How to Use Activation Offloading
Use activation offloading to reduce memory usage when the number of microbatches is greater than 1, and activation checkpointing is turned on (see Activation Checkpointing). When the activation checkpointing is not used, activation offloading has no effect. When it is used with only one microbatch, it does not save memory.

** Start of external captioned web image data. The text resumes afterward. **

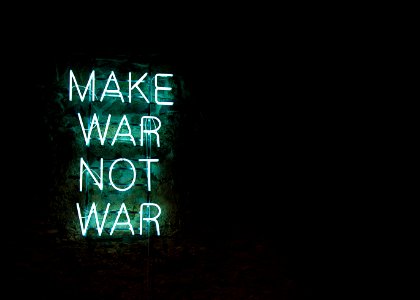 green make war not war LED signage photo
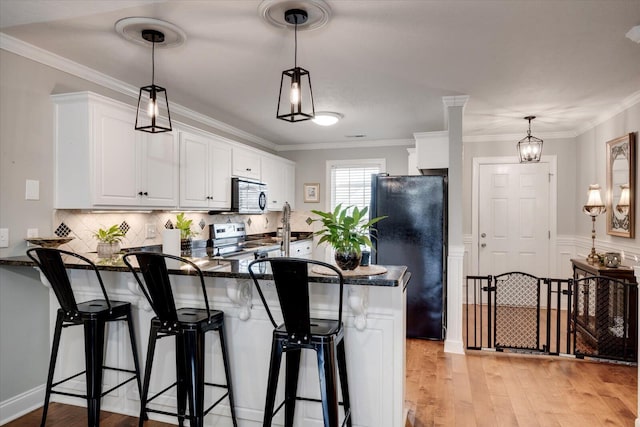 kitchen with electric range, light wood-style floors, freestanding refrigerator, white cabinetry, and a peninsula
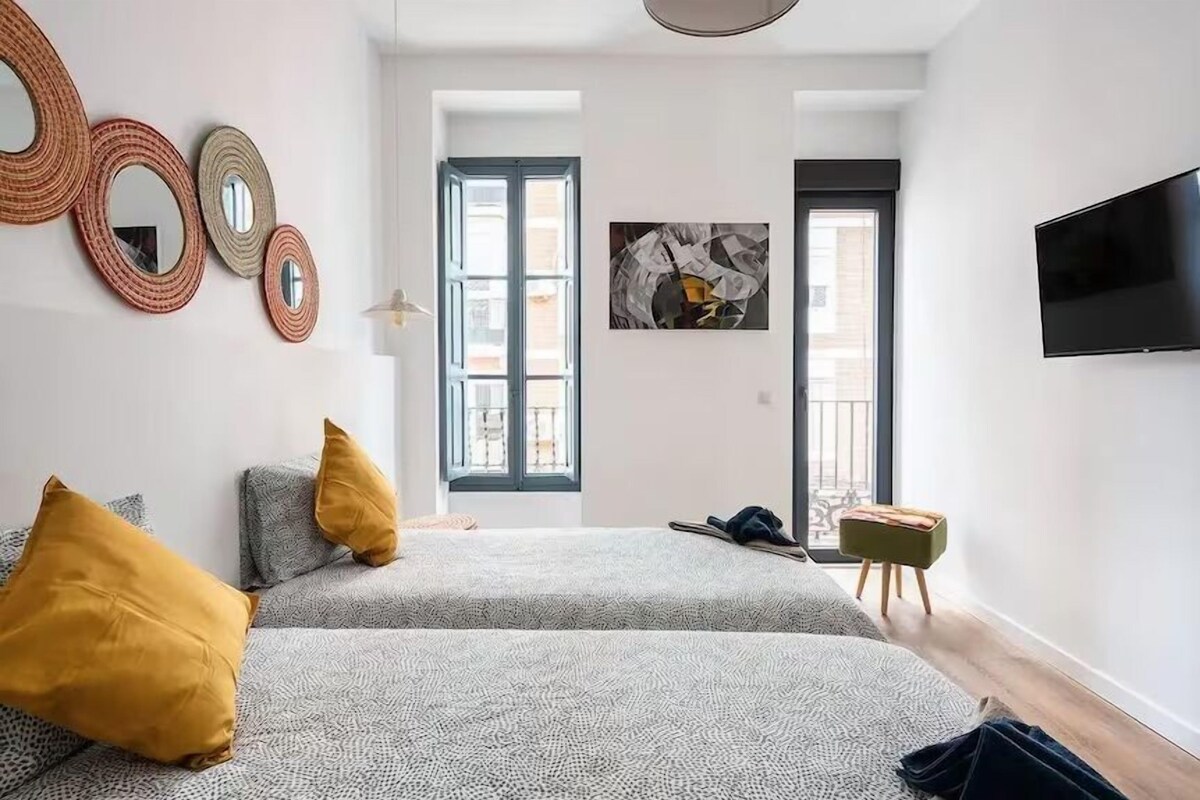 A modern bedroom with two beds, a flat-screen TV, and a large window with a view of buildings.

To use activation offloading, set "offload_activations": True
in the
modelparallel
configuration.
Activation offloading moves the checkpointed activations in
nn.Sequential
modules to CPU asynchronously. The data transfer over
the PCIe link overlaps with GPU computation. The offloading happens immediately, as
soon as the forward pass for a particular checkpointed layer is computed. The
activations are loaded back to the GPU shortly before they are needed for the
backward pass of a particular microbatch. The CPU-GPU transfer similarly overlaps
with computation.
To adjust how early the activations are loaded back into the GPU, you can use the
configuration parameter "activation_loading_horizon"
(default is set to
4, must be int
larger than 0). A larger activation loading horizon
would cause the activations to be loaded back to the GPU earlier. If the horizon is
too large, the memory-saving impact of activation offloading might be diminished. If
the horizon is too small, the activations may not be loaded back in time, reducing
the amount of overlap and degrading performance.
Tip
Activation offloading can be useful for large models with over a hundred billion parameters.
Configure a SageMaker PyTorch estimator
mpi_options = { "enabled" : True, "processes_per_host" : 8, # 8 processes "custom_mpi_options" : "--mca btl_vader_single_copy_mechanism none " } smp_options = { "enabled":True, "parameters": { "microbatches": 4, "pipeline_parallel_degree": 2, # alias for "partitions" "placement_strategy": "cluster", "tensor_parallel_degree": 2, # tp over 2 devices "ddp": True, "offload_activations": True, "activation_loading_horizon": 4 # optional. default is 4. } }